[Exercise input — start]

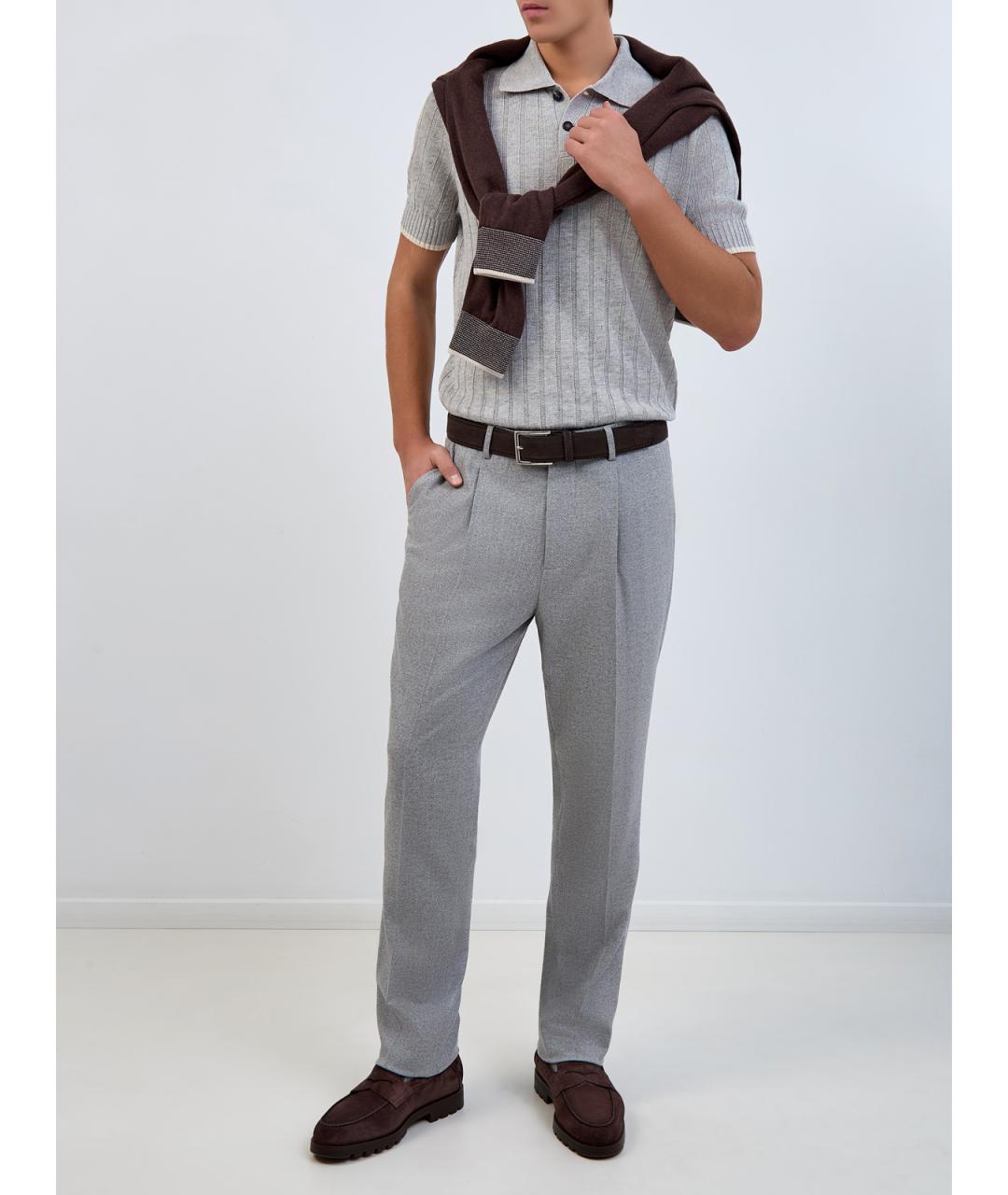 BRUNELLO CUCINELLI Серые шерстяные повседневные брюки, фото 2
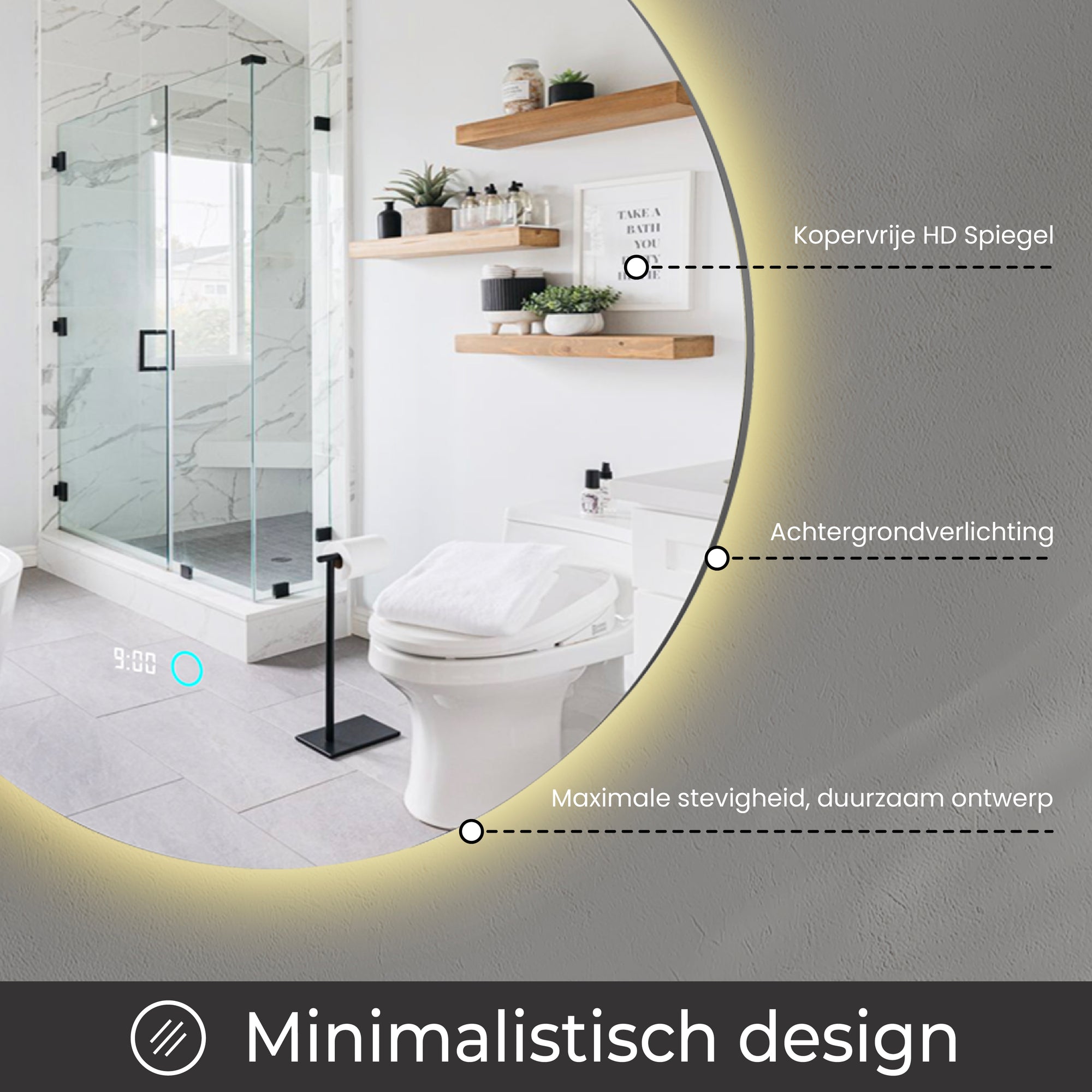 ronde badkamerspiegel zonder rand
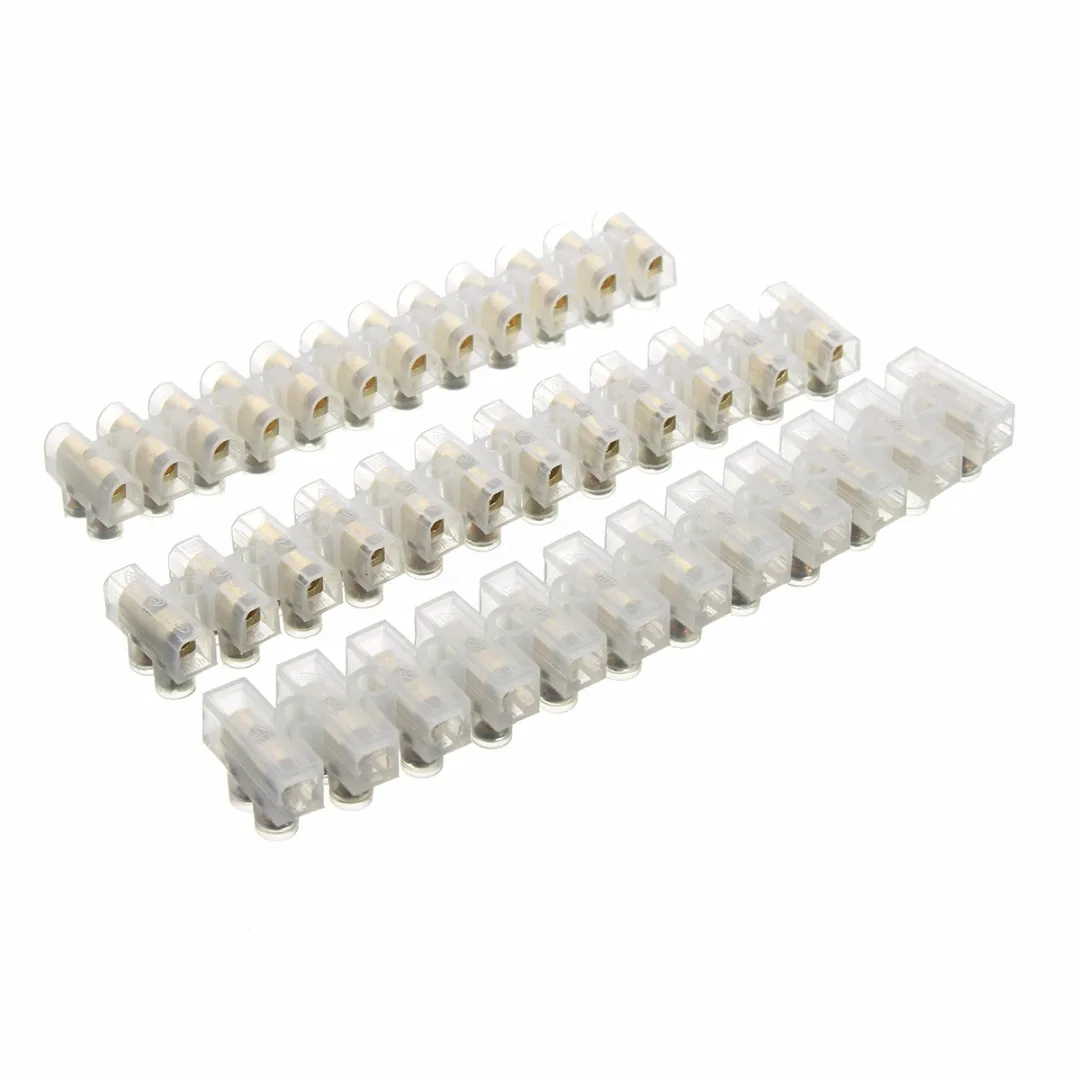 3pcs 3A 5A 10Amp 12 Way Barrier Screw Terminal Block Wire Connector Strip for Electrical Wiring Cars Motorbikes Scooters Mayitr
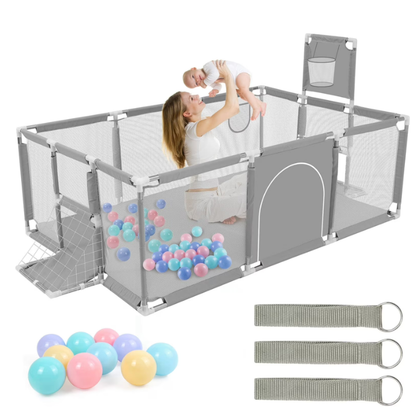 71" x 48" Extra Large Playpen for Babies Toddlers, Baby Playard with Basketball Hoop, No Gap Kids Fence Play Area Ball Pits, Infant Safety Play Yard with Door/Soccer Net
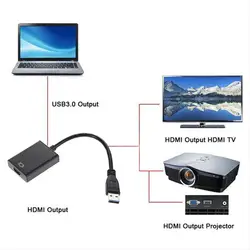 Алюминиевого сплава высокого Скорость USB 3.0 HDMI конвертер графический адаптер multi Дисплей кабель HD 1080 P для ПК Тетрадь проектор HDTV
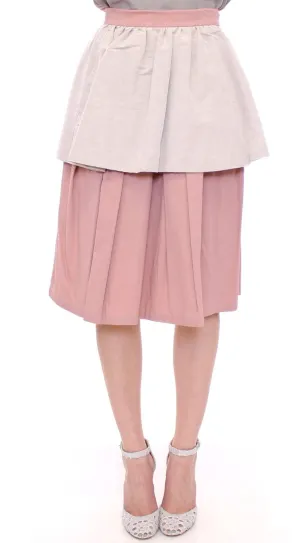 Comeforbreakfast Elegant Pleated Knee-length Skirt in Pink and Gray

[Exercise input — finish]

> Assignment
Please reproduce the lines exactly from the one containing "3pcs 3A 5A 10Amp" through the last line of the data above, and keep the pictures out.

> Solution to this task
 3pcs 3A 5A 10Amp 12 Way Barrier Screw Terminal Block Wire Connector Strip for Electrical Wiring Cars Motorbikes Scooters Mayitr
 71" x 48" Extra Large Playpen for Babies Toddlers, Baby Playard with Basketball Hoop, No Gap Kids Fence Play Area Ball Pits, Infant Safety Play Yard with Door/Soccer Net
 Алюминиевого сплава высокого Скорость USB 3.0 HDMI конвертер графический адаптер multi Дисплей кабель HD 1080 P для ПК Тетрадь проектор HDTV
 Comeforbreakfast Elegant Pleated Knee-length Skirt in Pink and Gray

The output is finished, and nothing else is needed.